*** Recorded data

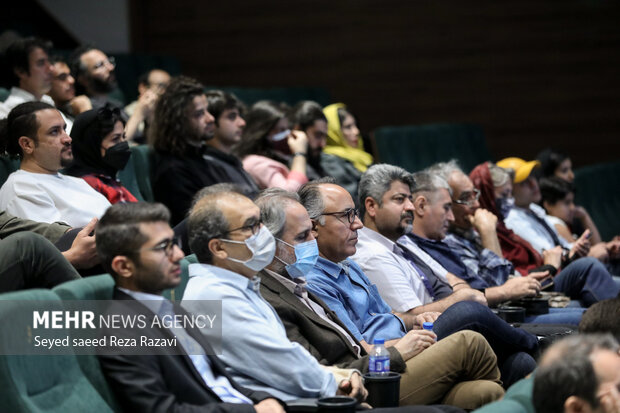 12th Iranian Short Fim Association Awards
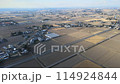 Aerial photography drone field scenery 114924844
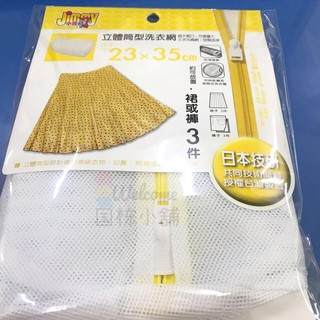 Jimmy小熊 立體筒型洗衣網(約23x35cm)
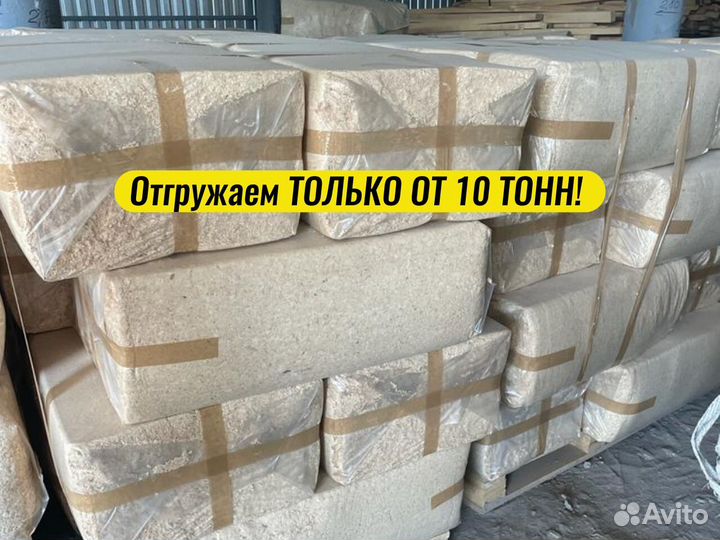 Опилки (стружка)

******

**Problem description**
Print the listing word for word but skip its pictures.

**Answer to this exercise**
 12th Iranian Short Fim Association Awards
 Aerial photography drone field scenery 114924844
 Jimmy小熊 立體筒型洗衣網(約23x35cm)
 Опилки (стружка)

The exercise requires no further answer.